For instance, Shelley supports this idea in the way he orders the sections. The first two sections contain images of violence, death, and the coming Winter: the West Wind itself; the "leaves dead"; the colors yellow, black, pale, and "hectic red"; the "corpse within a grave"; the "angels of rain and lightning"; the Mænad, and the "approaching storm." In short, these first two sections describe images of evil: the West Wind brings death, cold, and hardship. The third section describes images of peace and serenity: the "blue Mediterranean," "summer dreams," "sleep," "old palaces and towers," the "azure moss and flowers," and the "oozy woods." These images and serenity are disturbed only by the coming of the West Wind, which threatens to disturb the balance of the peaceful life.
In the fourth and fifth sections, Shelley begins to identify himself with the Windand beseeches the Wind to work through him for the good of humanity; he wants the wind to

Drive my dead thoughts over the universe
Like withered leaves to quicken a new birth! (Ode 815)

Shelley is saying here that although the Wind can be a force for evil, he wants the Wind to work through him because good can come from evil; here, a "new birth" of Imagination, Genius, and Creativity can come from death, darkness, and hardship.
In the fifth section, the West Wind is also the symbol of hope in a better life, in the renaissance of nature, the resurrection of the human spirit:

The trumpet of a prophecy! O Wind ,
If Winter comes, can Spring be far behind?

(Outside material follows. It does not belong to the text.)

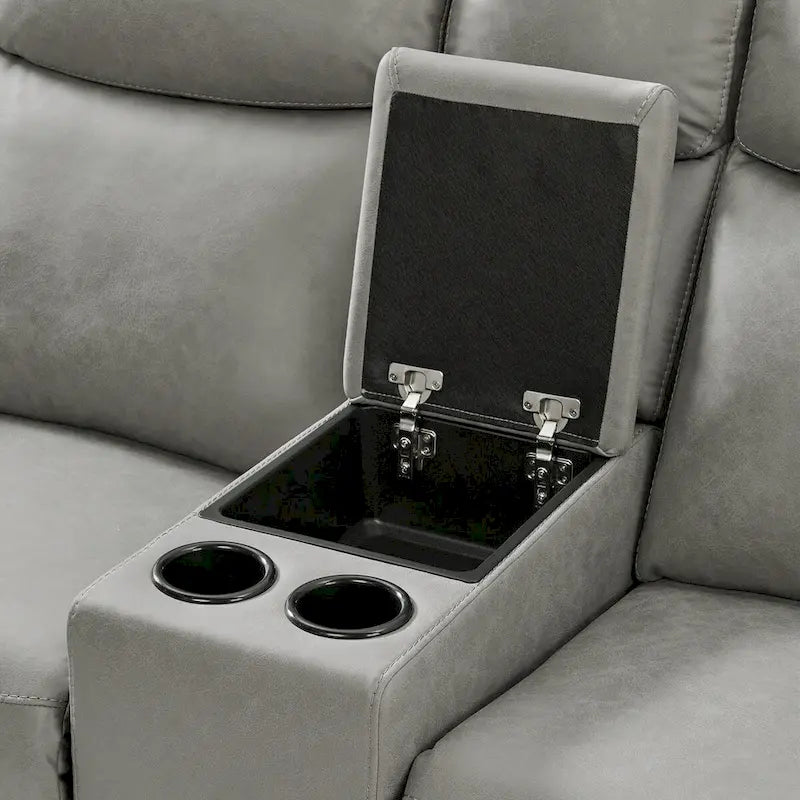 Canapé et fauteuil inclinables de transition Wesley, gris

Shelley is essentially a visionary of this change; he invokes the powerful West Wind, a force he identifies with evil, his ever-changing world, and his own subconscious, to work through him to bring about the change that he so badly desires for the world, and believes could be possible. Shelley's poem is his attempt to let the West Wind work through him.

3.SYMBOLISME IN “ODE TO THE WEST WIND” - SHELLEY’S LIFE MASTERPIECE
Romanticism is a literary current that is unique because of his magnificent symbols. Shelley hadn’t been an exception of this rule. In fact, “Ode to the West Wind” is a brilliant example of romantic symbols. The most important of them is the West Wind who identifies itself with the author’s ego. The West Wind is the perfect metamorphosis of man’s hope in the rebirth of nature, the one who preserves in its identity humanity’s message of love, peace and harmony to the Universe.
It seems that the poet becomes one spirit with the West Wind. He expresses directly his feelings of love and admiration for nature infinity and eternity. This gives the poem an original dramatic character. Of course, the classic symbols are present too: the poet’s rhetoric interrogations-symbols of man’s tragic condition to fight the opponent destiny with the price of his life.
There are of course other secondary symbols with their importance in the text. There are the leaves that represent on one hand Shelley’s ideas that are taken by the Wind in the whole Universe and on the other hand they represent Time’s tragic passing that causes the poet’s melancholy. Another important romantic symbol is the seeds that carry in them not only the Infinity of a terrific nature but also Shelley’s most sincere thoughts of love and the hope of a bright future.

4.CONCLUSIONS
The spirit of Shelley can be found in the words of “Ode to the West Wind” because this poem is the symbol of his love for life and for nature, his wish to become one with the latter . His joy is very big in front of the show of the Mother Nature’s high powers. That’s why we can consider this poem Shelley’s message of peace and love to the mankind, to the next generations and to the entire Universe.